Policy makers need to be reminded that conditions of service and remuneration cannot be the same for all groups of workers in the universities. Each group should have its own peculiarities. The current situation in which all the other unions jump into the bandwagon to ask for monies or payments once ASUU goes on strike is unhealthy. The university is first and foremost a research institute where primary attention should be paid to teaching and research. The support staff units have their peculiarities too and they should be recognised and treated as such.
Sadly, no Nigerian university is currently highly rated in the world ranking of universities. The National Universities Commission (NUC) which ought to ensure that standards are maintained seems to be part of the problem. A whole bureaucracy has been created around the NUC. The regular accreditation exercise has not succeeded in changing the fortunes of the university system. There are still inadequate lecture halls. The wage-structure is appalling with even professors taking home puny pay every month. Research facilities and opportunities are still very low. Funding has remained an issue. The university-owned hostels are in a sad state. None of the federal universities can boast of constant and regular power supply. Internet facilities are still a nightmare in most universities. Conferences are still poorly funded. Indeed, e-facilities which constitute the fulcrum of modern research are still epileptic in the big cosmopolitan universities. They are practically absent in the provinces. Yet, the nation expects its universities to function at maximum capacity and produce excellent graduates that can compete anywhere in the world.
All Nigerian universities should produce research findings that could change the fortunes of the nation. Town and gown, in form of research and development are fundamental to development. Academic curricula in the universities should be vigorously interrogated, upgraded and modernised with a view to making them more relevant to the needs of the times. Nigerian graduates should be able to confront the challenges in the economy by applying knowledge which they had acquired from the university system.
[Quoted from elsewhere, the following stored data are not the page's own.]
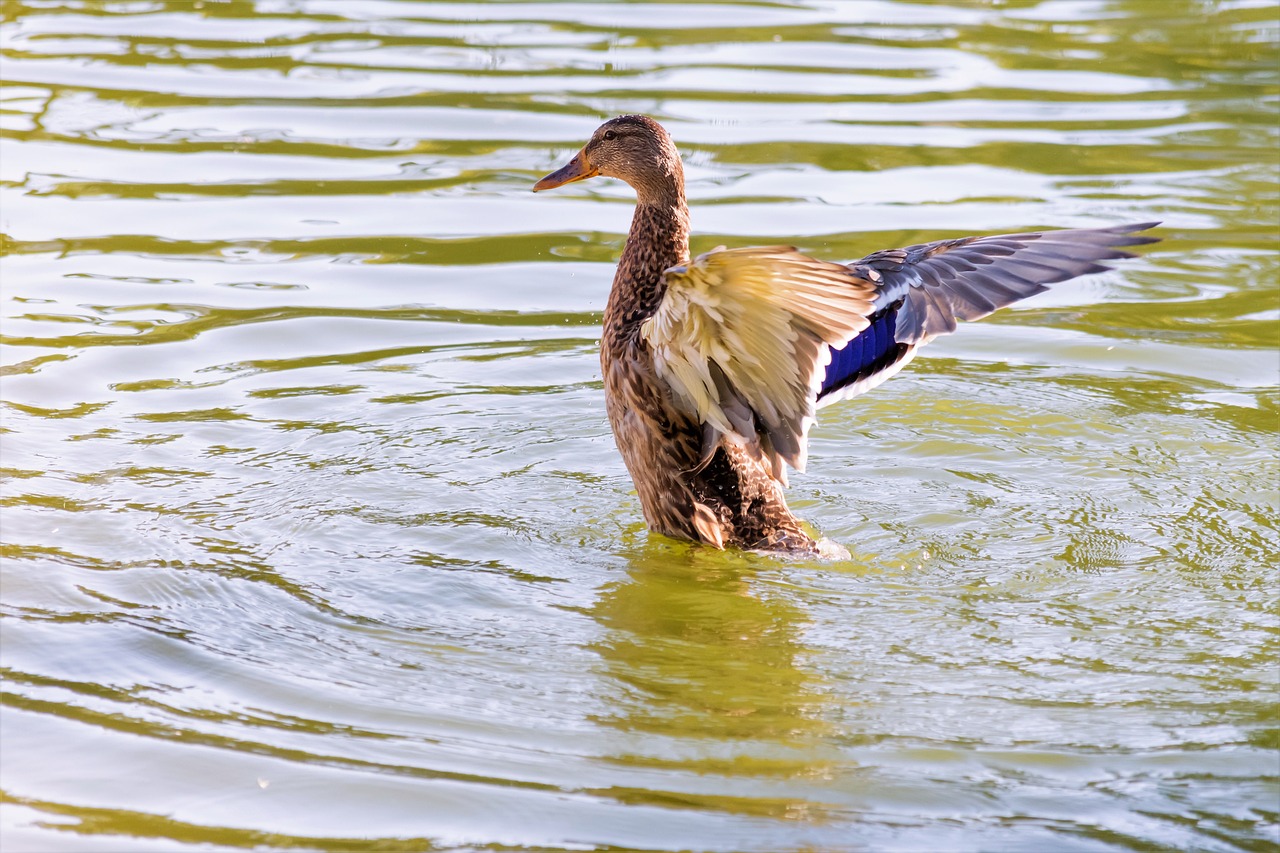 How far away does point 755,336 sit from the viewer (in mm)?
4707

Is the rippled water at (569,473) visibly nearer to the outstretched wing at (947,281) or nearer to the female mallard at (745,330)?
the female mallard at (745,330)

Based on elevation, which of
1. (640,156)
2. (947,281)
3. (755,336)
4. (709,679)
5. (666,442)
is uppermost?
(640,156)

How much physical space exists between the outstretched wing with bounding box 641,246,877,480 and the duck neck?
396mm

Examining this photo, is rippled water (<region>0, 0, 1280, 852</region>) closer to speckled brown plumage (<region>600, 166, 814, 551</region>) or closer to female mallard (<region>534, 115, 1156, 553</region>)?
speckled brown plumage (<region>600, 166, 814, 551</region>)

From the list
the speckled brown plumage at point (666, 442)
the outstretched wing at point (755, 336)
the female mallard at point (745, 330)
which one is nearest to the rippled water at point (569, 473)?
the speckled brown plumage at point (666, 442)

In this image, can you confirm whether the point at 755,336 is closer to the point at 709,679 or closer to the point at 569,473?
the point at 709,679

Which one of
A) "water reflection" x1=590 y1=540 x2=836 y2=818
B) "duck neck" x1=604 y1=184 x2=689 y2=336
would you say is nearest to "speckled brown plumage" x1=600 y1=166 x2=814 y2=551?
"duck neck" x1=604 y1=184 x2=689 y2=336

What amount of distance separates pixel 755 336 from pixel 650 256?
1010 mm

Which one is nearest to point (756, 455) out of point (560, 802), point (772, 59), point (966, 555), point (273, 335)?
point (966, 555)

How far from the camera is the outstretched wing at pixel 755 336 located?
434 centimetres

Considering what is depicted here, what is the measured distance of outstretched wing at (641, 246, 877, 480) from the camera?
4344 millimetres

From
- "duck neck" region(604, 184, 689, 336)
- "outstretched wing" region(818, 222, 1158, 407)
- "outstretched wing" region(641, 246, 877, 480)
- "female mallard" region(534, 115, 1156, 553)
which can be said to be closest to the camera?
"outstretched wing" region(641, 246, 877, 480)

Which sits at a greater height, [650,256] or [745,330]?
[650,256]

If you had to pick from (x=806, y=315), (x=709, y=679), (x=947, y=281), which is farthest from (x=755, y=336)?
(x=709, y=679) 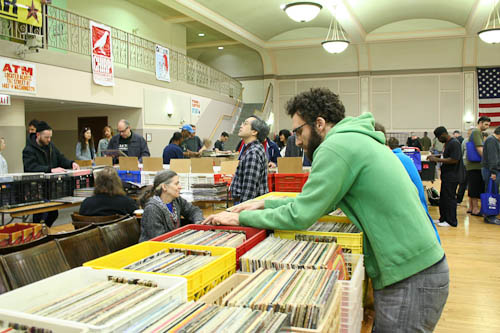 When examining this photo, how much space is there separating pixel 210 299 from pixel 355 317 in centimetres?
53

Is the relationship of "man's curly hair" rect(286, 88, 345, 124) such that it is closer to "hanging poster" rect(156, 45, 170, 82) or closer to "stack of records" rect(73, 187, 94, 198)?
"stack of records" rect(73, 187, 94, 198)

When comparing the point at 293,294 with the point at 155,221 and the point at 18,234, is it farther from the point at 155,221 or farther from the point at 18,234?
the point at 18,234

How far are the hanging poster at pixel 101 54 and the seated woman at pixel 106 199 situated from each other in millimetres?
6908

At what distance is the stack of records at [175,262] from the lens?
1.30 metres

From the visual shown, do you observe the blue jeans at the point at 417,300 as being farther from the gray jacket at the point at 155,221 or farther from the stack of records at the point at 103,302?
the gray jacket at the point at 155,221

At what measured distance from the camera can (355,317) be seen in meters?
1.44

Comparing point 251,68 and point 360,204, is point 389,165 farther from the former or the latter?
point 251,68

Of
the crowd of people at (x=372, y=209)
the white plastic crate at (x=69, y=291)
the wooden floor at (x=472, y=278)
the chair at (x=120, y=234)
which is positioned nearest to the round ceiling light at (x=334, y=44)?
the wooden floor at (x=472, y=278)

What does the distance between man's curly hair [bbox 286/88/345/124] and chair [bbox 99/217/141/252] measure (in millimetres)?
1674

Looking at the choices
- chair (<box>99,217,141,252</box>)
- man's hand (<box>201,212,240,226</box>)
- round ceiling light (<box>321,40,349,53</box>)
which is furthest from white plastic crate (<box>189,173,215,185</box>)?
round ceiling light (<box>321,40,349,53</box>)

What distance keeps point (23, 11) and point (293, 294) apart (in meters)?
8.70

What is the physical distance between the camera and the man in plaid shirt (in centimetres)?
362

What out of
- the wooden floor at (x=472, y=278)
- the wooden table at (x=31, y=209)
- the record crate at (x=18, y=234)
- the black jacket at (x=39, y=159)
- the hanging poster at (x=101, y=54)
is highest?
the hanging poster at (x=101, y=54)

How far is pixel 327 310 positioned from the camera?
1095 mm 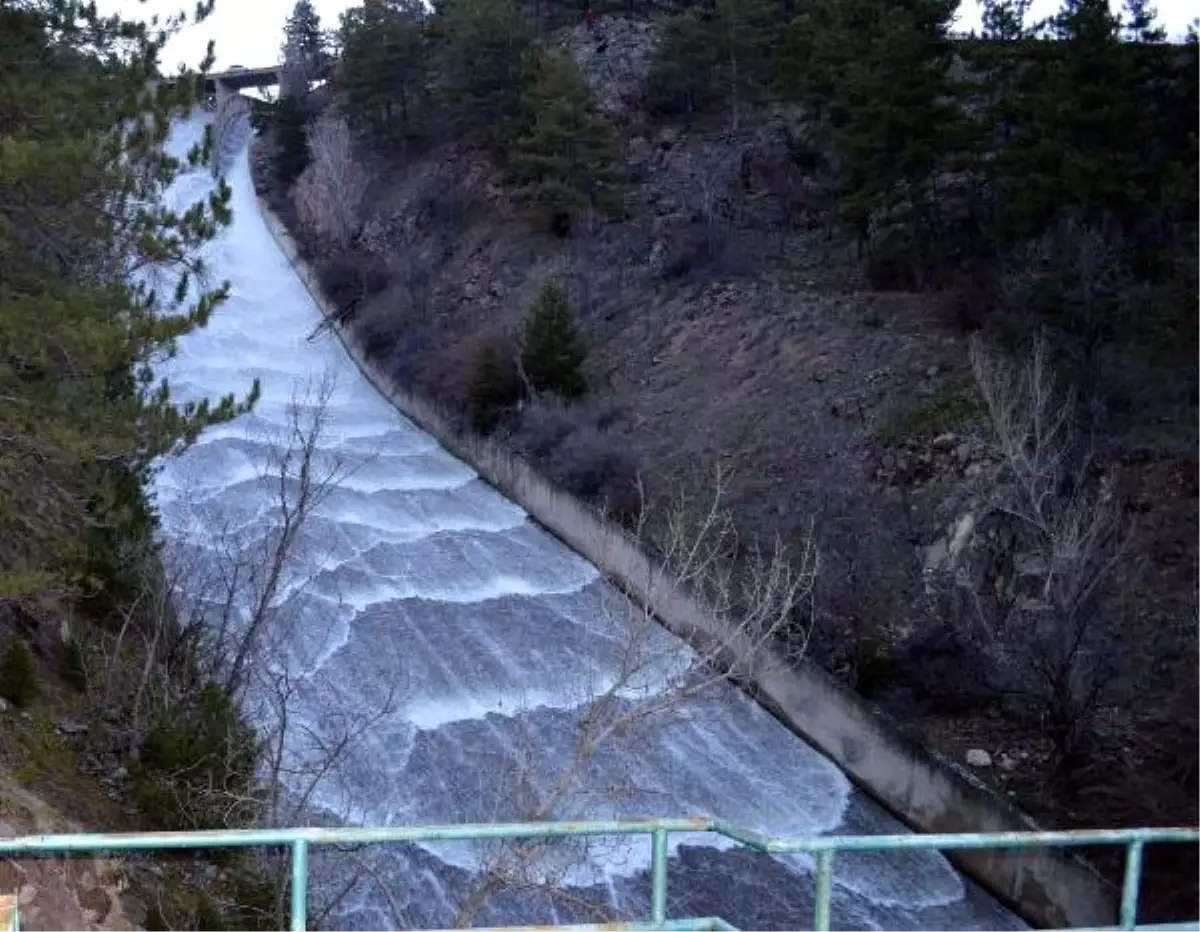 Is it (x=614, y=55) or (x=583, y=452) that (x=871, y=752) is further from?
(x=614, y=55)

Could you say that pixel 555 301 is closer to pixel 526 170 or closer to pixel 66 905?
pixel 526 170

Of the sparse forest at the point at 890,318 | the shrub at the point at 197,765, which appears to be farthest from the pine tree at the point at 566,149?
the shrub at the point at 197,765

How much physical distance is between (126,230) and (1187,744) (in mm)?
13074

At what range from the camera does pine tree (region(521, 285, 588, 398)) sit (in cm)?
2770

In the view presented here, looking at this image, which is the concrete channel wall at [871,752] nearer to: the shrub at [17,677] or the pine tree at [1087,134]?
the shrub at [17,677]

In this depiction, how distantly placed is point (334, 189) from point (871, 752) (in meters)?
31.5

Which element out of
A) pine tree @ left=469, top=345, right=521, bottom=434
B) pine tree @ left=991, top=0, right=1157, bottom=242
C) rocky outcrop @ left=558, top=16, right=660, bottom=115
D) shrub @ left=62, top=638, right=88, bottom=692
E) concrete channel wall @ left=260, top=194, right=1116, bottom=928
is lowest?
concrete channel wall @ left=260, top=194, right=1116, bottom=928

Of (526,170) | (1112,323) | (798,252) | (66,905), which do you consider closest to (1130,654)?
(1112,323)

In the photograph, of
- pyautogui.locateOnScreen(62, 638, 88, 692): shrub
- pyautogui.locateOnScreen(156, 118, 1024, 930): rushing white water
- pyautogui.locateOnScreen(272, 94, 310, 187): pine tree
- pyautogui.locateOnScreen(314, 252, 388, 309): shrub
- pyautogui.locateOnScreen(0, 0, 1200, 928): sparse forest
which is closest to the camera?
pyautogui.locateOnScreen(0, 0, 1200, 928): sparse forest

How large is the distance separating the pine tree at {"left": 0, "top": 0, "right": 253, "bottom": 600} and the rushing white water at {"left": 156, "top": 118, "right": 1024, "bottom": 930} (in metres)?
3.68

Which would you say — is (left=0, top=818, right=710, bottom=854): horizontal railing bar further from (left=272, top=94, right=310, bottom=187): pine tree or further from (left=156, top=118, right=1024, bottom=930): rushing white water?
(left=272, top=94, right=310, bottom=187): pine tree

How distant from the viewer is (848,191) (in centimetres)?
2931

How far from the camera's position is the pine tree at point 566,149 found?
35.2 meters

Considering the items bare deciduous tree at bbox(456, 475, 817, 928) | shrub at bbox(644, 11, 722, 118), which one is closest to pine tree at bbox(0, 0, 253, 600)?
bare deciduous tree at bbox(456, 475, 817, 928) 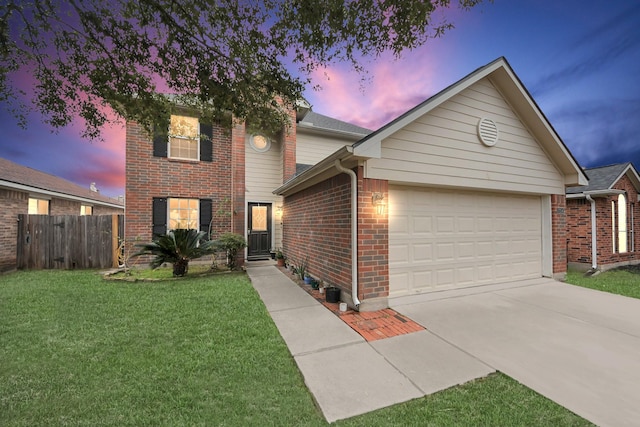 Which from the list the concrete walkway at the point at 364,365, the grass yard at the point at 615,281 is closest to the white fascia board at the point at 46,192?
the concrete walkway at the point at 364,365

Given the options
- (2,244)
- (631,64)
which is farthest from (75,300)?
(631,64)

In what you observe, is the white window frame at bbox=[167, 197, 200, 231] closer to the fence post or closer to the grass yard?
the fence post

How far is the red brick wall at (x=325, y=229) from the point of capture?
15.6 feet

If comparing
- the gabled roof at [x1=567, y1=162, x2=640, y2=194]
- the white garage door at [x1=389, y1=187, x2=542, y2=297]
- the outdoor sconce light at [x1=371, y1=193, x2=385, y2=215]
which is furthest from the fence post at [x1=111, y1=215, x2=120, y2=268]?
the gabled roof at [x1=567, y1=162, x2=640, y2=194]

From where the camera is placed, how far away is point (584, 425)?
195 cm

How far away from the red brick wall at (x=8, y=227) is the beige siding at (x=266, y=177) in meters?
7.63

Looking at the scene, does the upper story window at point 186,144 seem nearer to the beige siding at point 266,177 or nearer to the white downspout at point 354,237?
the beige siding at point 266,177

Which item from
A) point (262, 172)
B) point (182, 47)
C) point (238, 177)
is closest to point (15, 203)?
point (238, 177)

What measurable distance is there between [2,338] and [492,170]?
350 inches

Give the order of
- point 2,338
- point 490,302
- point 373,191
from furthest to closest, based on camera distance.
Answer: point 490,302 → point 373,191 → point 2,338

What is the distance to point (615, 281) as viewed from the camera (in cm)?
682

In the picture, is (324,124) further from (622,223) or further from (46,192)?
(622,223)

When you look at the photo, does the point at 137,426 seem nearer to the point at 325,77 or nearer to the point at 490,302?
the point at 325,77

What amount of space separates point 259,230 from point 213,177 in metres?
2.82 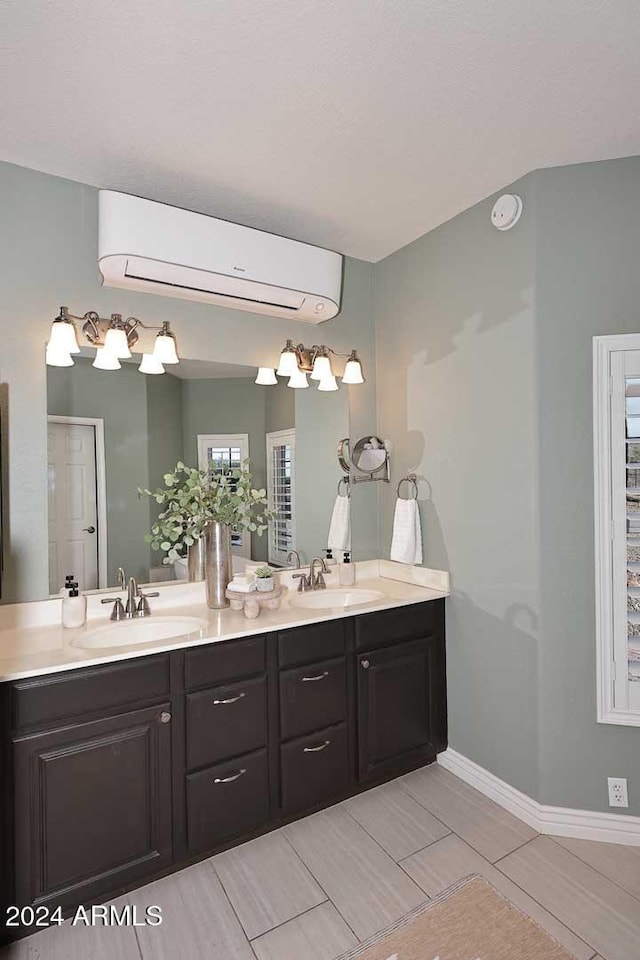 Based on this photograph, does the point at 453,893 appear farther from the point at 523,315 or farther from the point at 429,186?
the point at 429,186

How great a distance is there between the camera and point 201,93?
5.58 feet

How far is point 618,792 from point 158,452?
7.69ft

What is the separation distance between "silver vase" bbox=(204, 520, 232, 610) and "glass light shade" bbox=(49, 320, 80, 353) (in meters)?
0.95

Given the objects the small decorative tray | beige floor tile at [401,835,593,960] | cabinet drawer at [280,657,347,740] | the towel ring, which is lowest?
beige floor tile at [401,835,593,960]

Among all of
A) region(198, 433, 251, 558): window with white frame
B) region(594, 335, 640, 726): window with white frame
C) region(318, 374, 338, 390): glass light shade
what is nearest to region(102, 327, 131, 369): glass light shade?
region(198, 433, 251, 558): window with white frame

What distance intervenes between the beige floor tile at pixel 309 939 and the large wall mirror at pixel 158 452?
4.40 feet

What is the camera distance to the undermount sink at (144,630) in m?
2.06

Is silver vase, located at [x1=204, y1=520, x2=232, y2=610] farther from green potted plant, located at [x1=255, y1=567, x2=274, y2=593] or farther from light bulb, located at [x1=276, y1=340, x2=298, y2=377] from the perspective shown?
light bulb, located at [x1=276, y1=340, x2=298, y2=377]

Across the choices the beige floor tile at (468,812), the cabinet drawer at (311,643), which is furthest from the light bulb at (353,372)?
the beige floor tile at (468,812)

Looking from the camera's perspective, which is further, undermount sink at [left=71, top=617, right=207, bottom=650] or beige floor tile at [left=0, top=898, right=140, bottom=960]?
undermount sink at [left=71, top=617, right=207, bottom=650]

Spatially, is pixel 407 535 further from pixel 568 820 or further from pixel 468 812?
pixel 568 820

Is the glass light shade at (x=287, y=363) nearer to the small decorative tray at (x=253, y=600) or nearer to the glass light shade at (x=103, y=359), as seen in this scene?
the glass light shade at (x=103, y=359)

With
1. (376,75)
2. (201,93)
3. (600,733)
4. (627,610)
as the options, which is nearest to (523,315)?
(376,75)

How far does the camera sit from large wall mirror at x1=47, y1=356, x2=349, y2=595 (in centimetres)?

Except the universities change approach, they would remain an anecdote in the annals of time.
Already as a vote of no confidence in the universities, parents who can afford it are now sending their children to the United Kingdom, America and other pats of the world for undergraduate degrees. Universities in Ghana are taking students from Nigeria by promising them that their four-year programmes would indeed terminate at the end of the stipulated time. Employers of labour also prefer graduates from foreign universities. Yet each year the unions go on strike over perennial issues. The time has come for the universities and the Federal Government to put their act together and end the shame and travesty that is university education in Nigeria.
Finally, the unions and the federal as well as the state governments should invest in education as the key to the future of manpower production for the country. That most public officers send their kids abroad for education; that they flaunt same to the world; that the governments have refused to increase budgetary provisions and release to the education sector; that the governments allow institutions to remain shut sometimes for three months at a stretch show that education is not considered a priority. The strikes and counter strikes are symptomatic of the nonchalance of governments at all levels. This must stop if the future of Nigeria would not be jeopardized.